However, instead of selling these so called ‘Sick PSUs’, they could have been reworked and reformed to generate employment in public sector. Undoubtedly, India is transforming, but to overcome a jobless growth, it needs massive doses of public investment. For example, the Left Democratic Front (LDF) in Kerala has set an example in creating employment by employing two steps.

1. Out of 40 PSUs in the state, 13 had turned profitable within 10 months of government formation. The state increased public investment which reaped profits and increased employability.

2. The Kerala Infrastructure Investment Board (KIIFB) had already received investments worth ₹50, 000 crores in 2015 and 2016 for various projects. In 2017, it received ₹40,000 crores for the same.

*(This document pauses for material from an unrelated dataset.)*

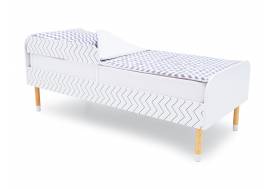 Кровать Stumpa Классика с бортиком рисунок Геометрия Зигзаги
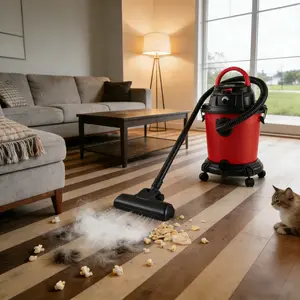 5 Gallon Wet Dry Vac 4.3 Peak HP, 3 in 1 Shop Vacuum with Blower Function, Portable Wet/Dry Vacuum Cleaner for Floor, Upholstery, Gap, Car, Home & Garage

A focus on bringing Greenfield investments will lead to the generation of new jobs, along with the upgradation of technology. The best example to be followed here is by drawing historical parallels – even die-hard capitalists like Franklin Roosevelt and Adolf Hitler had to invest in infrastructure. Roosevelt’s public investment led to a post-war boom in the US economy. Hitler had to increase state investment in the military and in building expressways.

In simple words, the world’s capital is using India’s resources for maximising its profits. In the wake of the global crisis, the problem cannot be solved just by shifting the workforce from the informal to the formal sector. Instead of downplaying the crisis in terms of statistics, the Indian government must seriously introspect and act to tackle one of the monstrous challenges before the Indian youth.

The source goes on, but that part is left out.